Posts Tagged ‘Free Will’
Dan Ariely asks, Are we in control of our own decisions?
Another TED talk about irrational behaviour, sensory illusions and decisions. He sees illusions as a metaphor, saying that something like visual illusions, we all know, also occur in other senses and even higher level thinking.
This is a very interesting, informative and funny talk. Dan Ariely is truely a gifted speaker !
Free Will and Consciousness
The topic of free will has been a central issue since the beginning of philosophy: How do rational agents exercise control over one’s actions and decisions.
In “the precise of the illusion of conscious will” (2004), Daniel M. Wegner explores the idea of apparent mental causation. He argues that if a thought arises just before an action takes place, if it is consistent with the action and the exclusive salient cause of the action, we will regard ourselves as the agent of the behaviour.
Libet (1985) showed in his experiment that conscious perception of reality lives about half a second in the past. He concluded that we could not have free will, since our brain already comes into action, before we have consciously engaged in the idea. He offered however, as some kind of last hope, the veto right of the free will. The same effect has also been found by Cunningham et al. (2001). In a computer game, similar to space invaders, participants had to use a computer mouse with a half second delay. When the delay was removed, the participants reported that the hand moved before they had consciously made that decision.
So does free will exist? If we live in the past and we falsely attribute behaviour to ourselves that we had no influence of, how can we propose that we are consciously in control of our behaviour? Is consciousness but an epiphenomenon?
I believe that these findings have to be interpreted very carefully. Although they offer intriguing hypothesis about how and why we act, we should not, in a hurry, remove consciousness from the picture. When lifting your finger, as done Libet’s experiment, the motor program running will be automatic, although the decision to do so might be conscious. But do participants really make their conscious choice a few milliseconds before the execution? I believe that they will execute the task in a mental simulation as soon as they are told what will be expected of them in this experiment. So the “causal decision” to execute the movement might be the activation of the action potential itself, not the conscious report of the decision to life the finger. The original decision to lift the finger at that time might have occurred much earlier. The ultimate decision to do so, by putting the body in such a state as to engage in this behaviour, was conscious.
I can only speculate how this mechanism actually could word, but in the computer world there is something called “cronjob”. This is an automatic program that is set to run at a specific time. Its much like always taking your medication at a specific time in order not to forget it. After a while you will remember it automatically at the given time. Thus consciousness might be able to implement such timed processes. If you think about consciousness pulling the string in the background, the half-second delay of the perception does not pose a huge problem. It does however, if free will necessarily requires consciousness to be online “in realtime” to make decisions.

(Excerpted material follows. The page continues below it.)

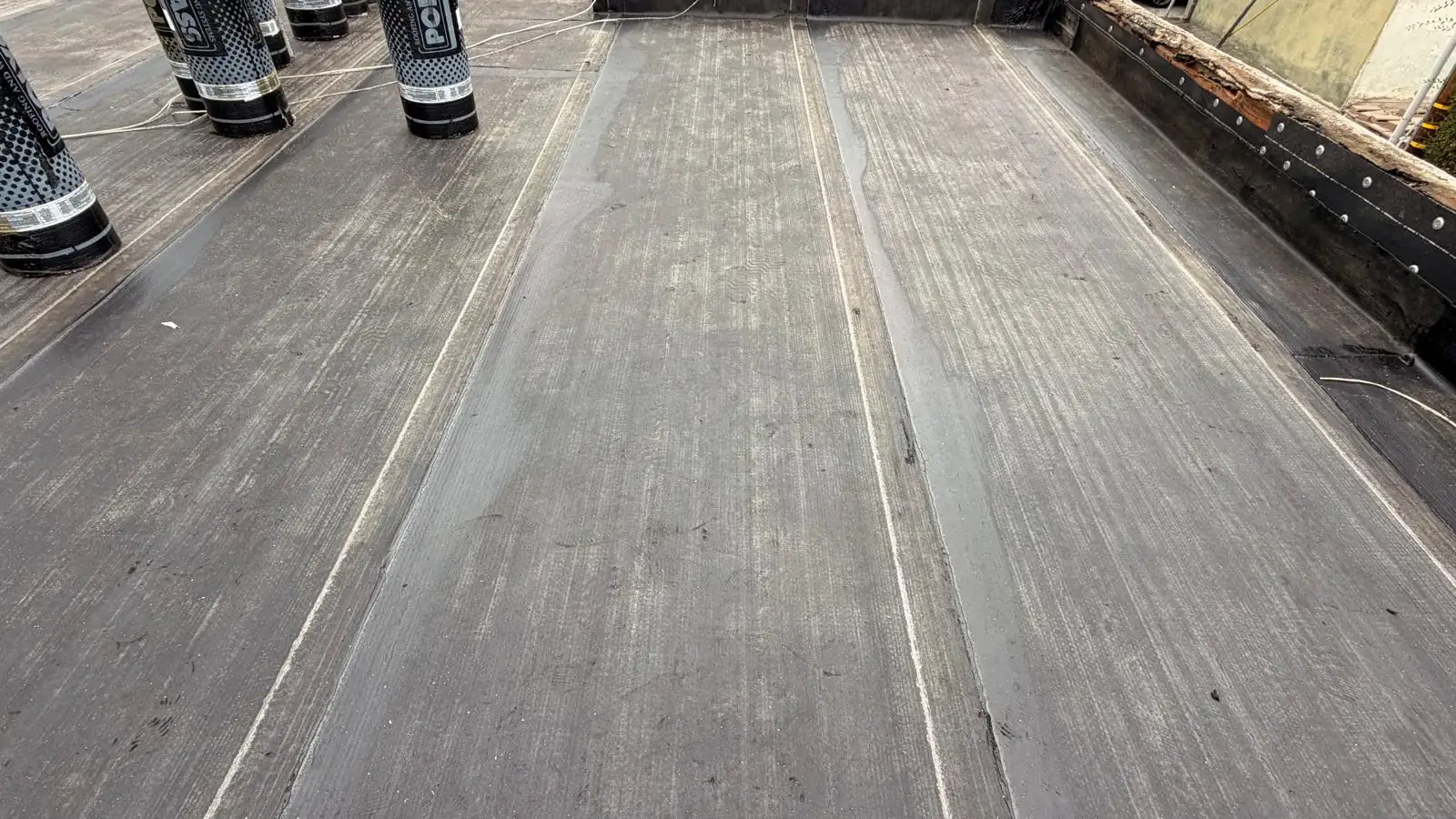 Nailed base sheet and smooth torch-down layer on a Los Angeles apartment building flat roof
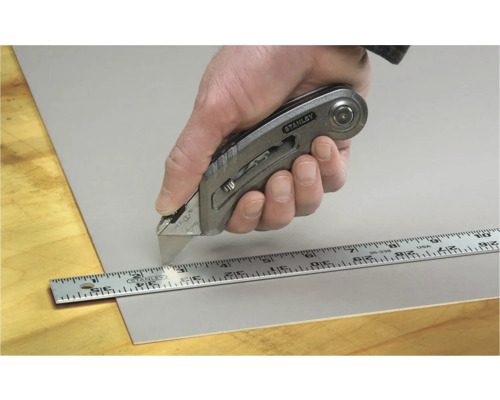 Hand schneidet Material mit Stanley Cuttermesser und Lineal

In the computer experiment of Cunningham et al., involving the mouse delay, it is important to plan ahead because the participants know that they will have to cope with a delay. They ordered an action before it actually took place. They did so consciously and also successfully. We might just have adjusted to that specific delay between action and perception very well, because it feels natural to us. As long as consciousness can rely on automatic processes to carry out the proper motor behaviour, it does not need control in real time. Nørretranders (1999) also believes that speed is an important issue; he believes that “ Things that need to happen quickly happen subconsciously.”. Because adjustments of motor behaviour do not require conscious thought, they are not subject to the 500 ms delay.
Backdating perceptions might rather have other practical implications, for example to enhance structuring the environment in meaningful ways. The results of Wegner’s study can be interpreted in this way. Although Wegner’s studies show that our attribution of agency to action can be fooled, It might rather be the case that perception is fooled. I am not convinced that this requires the necessary conclusion that we do not have free will. As seen with the mouse delay, the “natural perception delay” can be altered. In the patient with clinical condition this alteration might include all senses and be persistent. I therefore conclude that consciousness is not an epiphenomenon, but an integral part in the selection of behaviour.
References
Libet, B. (1985). Unconscious cerebral initiative and the role of conscious will in voluntary
action. Behavioral and brain sciences 8:44, 529-566.Nørretranders, T. (1999). The User Illusion, Penguin.
Wegner, M. (2004). Précis of The illusion of conscious will. Behavioral and brain sciences, 27, 1-11.